The Green Party has launched its campaign for next month's English local elections, promising to be the "true opposition" to the coalition.
Leader Caroline Lucas said the Conservatives, Lib Dems and Labour had all broken promises and urged the creation of a more honest politics.
She called for more local action to improve the environment and a halt to the government's spending cuts.
The party is running 1,605 candidates for council elections on 5 May.
At the party's official campaign launch in central London, Ms Lucas said: "We have a government that is handing financial settlements to local councils which mean they are going to make horrendous decisions and big cuts.
"It's crucial that there are Green councillors to protect people from the most harsh of those cuts."
She added: "Our whole analysis of the cuts project is that it's the wrong approach.
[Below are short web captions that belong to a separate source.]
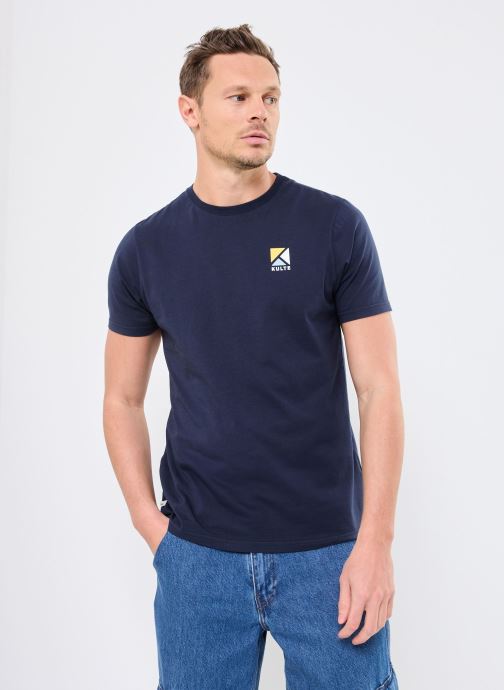 Vêtements TS SOUTH PACK pour Accessoires - Kulte - Modalova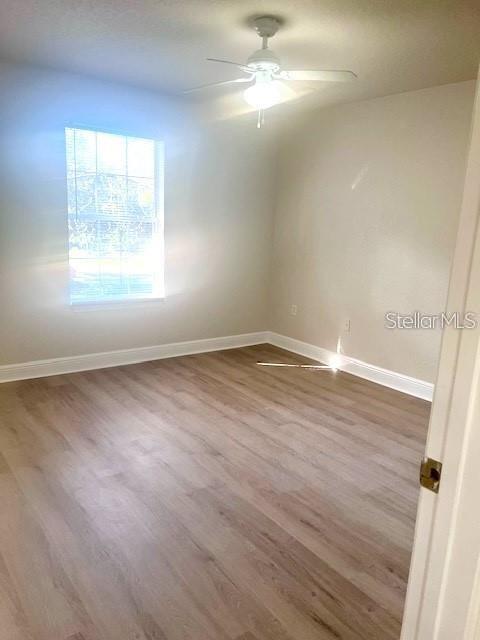 SOUTHERN PINES - Residential Lease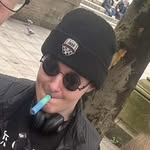 kyle_eckersley_123 - @kyle_eckersley_123 - Instagram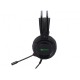Slušalke Sandberg Dominator Headset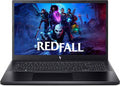 Acer Nitro V ANV15-51 (UN.QN9SI.00L) Laptop (Core i7 13th Gen/16 GB/512 GB SSD/Windows 11/6 GB) Laptop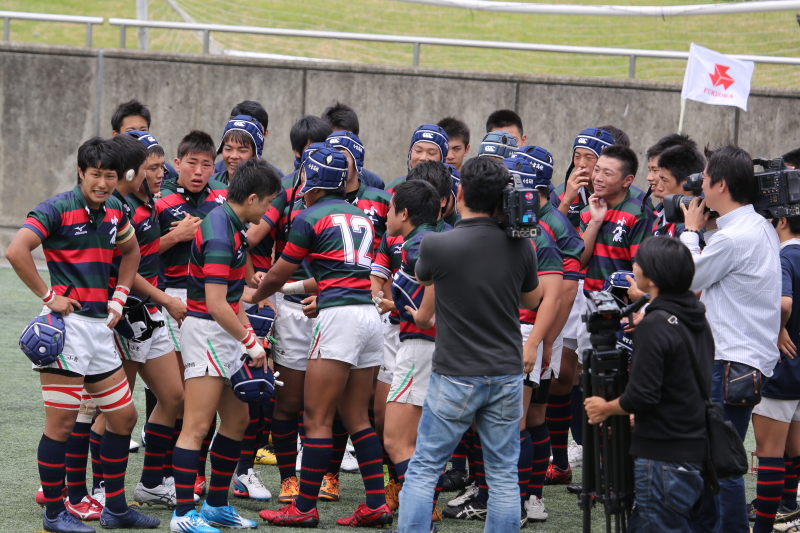 http://kokura-rugby.sakura.ne.jp/2014.6.8-7.JPG
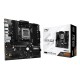 Asrock B850M Pro-A AMD B850 Socket AM5 micro ATX B850M Pro-A – ASROCK Дънни платки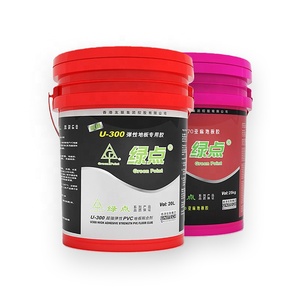 PVC Adhesives <strong>Glue</strong> for Plastic <strong>Floor</strong> Tile <strong>Vinyl</strong> <strong>Floor</strong> <strong>Glue</strong> Adhesive for <strong>Vinyl</strong> <strong>Floor</strong> - Product Image 6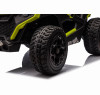 Детский электромобиль багги 24V 4WD - HC-601B-24V-4WD-GREEN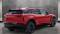 2024 Chevrolet Blazer EV in Spokane, WA 2 - Open Gallery
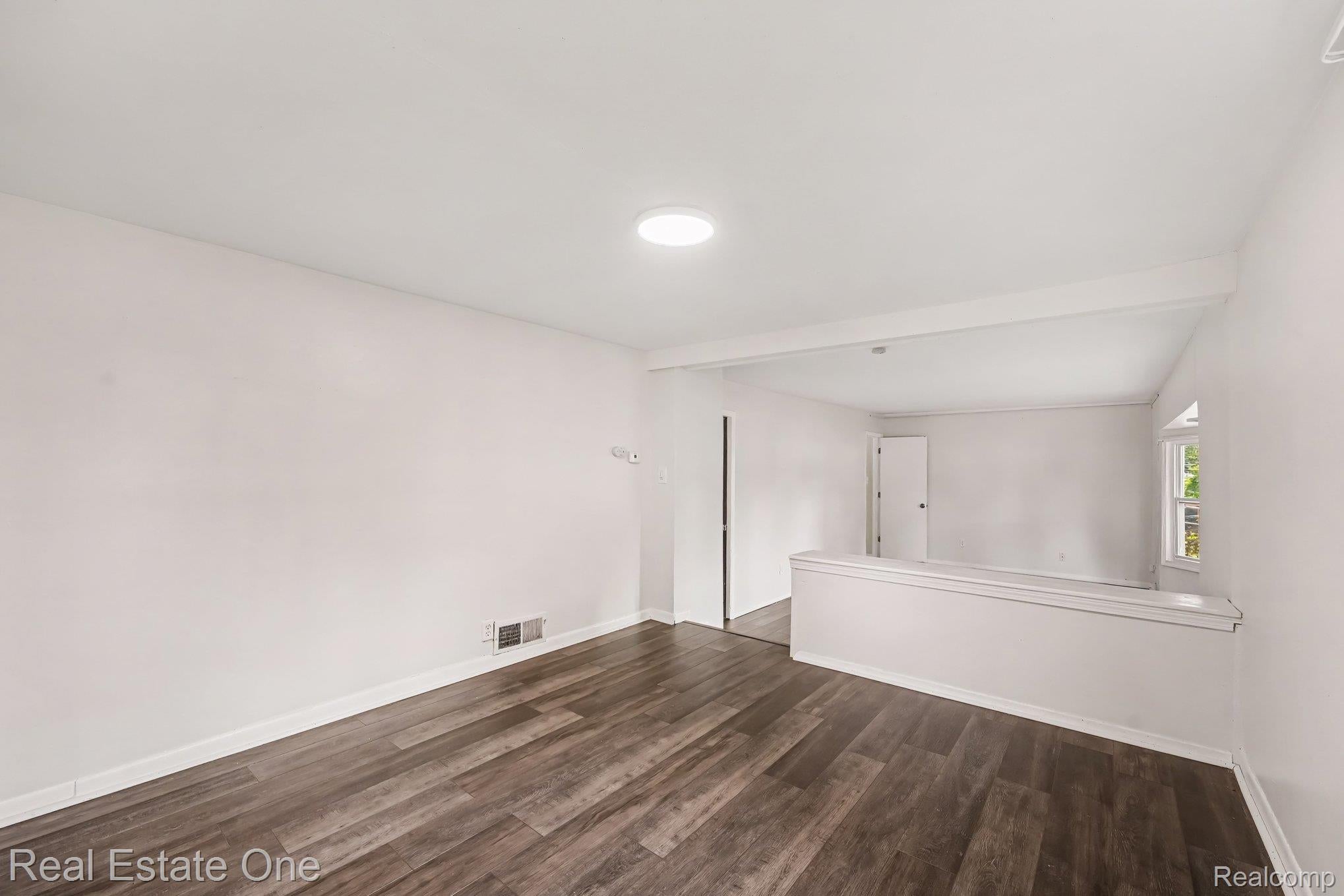 4229 Dolores Avenue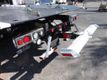 2027 International MV607 Extended Cab w/ 22ft Jerr-Dan Custom StepSide Classic Car Carrier - 21668675 - 33
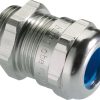 pflitsch emc-wartel messing m12x1,5 pflitsch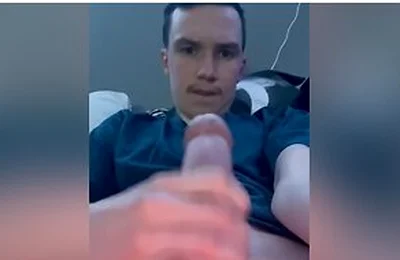 Watch Those Ball Jiggle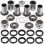All balls singarm link remokt kit yamaha yz 125 (86), yz 250 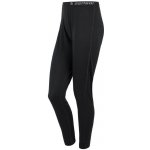 Sensor Merino Air černá – Zboží Dáma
Yes, we need to address the deficit but a better way is to get people back into work to ensure there are more taxes coming in.
"Otherwise there is a greater risk of a double-dip recession. We can already see what extreme austerity is doing in countries like Portugal and Ireland."
Ms Lucas said the Greens expected to gain councillors in the party's power bases, which include Brighton and Norwich, and elsewhere across England.
She called on councils to protect the "most vulnerable" in society from the impact of budget cuts and also for local authorities to do more to promote the use of renewable energy sources.
The Greens' election broadcast will air on 27 April. It features Ms Lucas "ambushing" an audience at a west London comedy club to tell them about her party's policies and call for a less "cynical" form of politics.
She told the BBC: "It is trying to make the point, in what is usually a comical setting, that the issues we are dealing with are very serious.
"We are the true opposition party and we have the people and experience to do that job across England."
The Greens have two Members of the European Parliament and Ms Lucas became the party's first Westminster MP at last year's general election.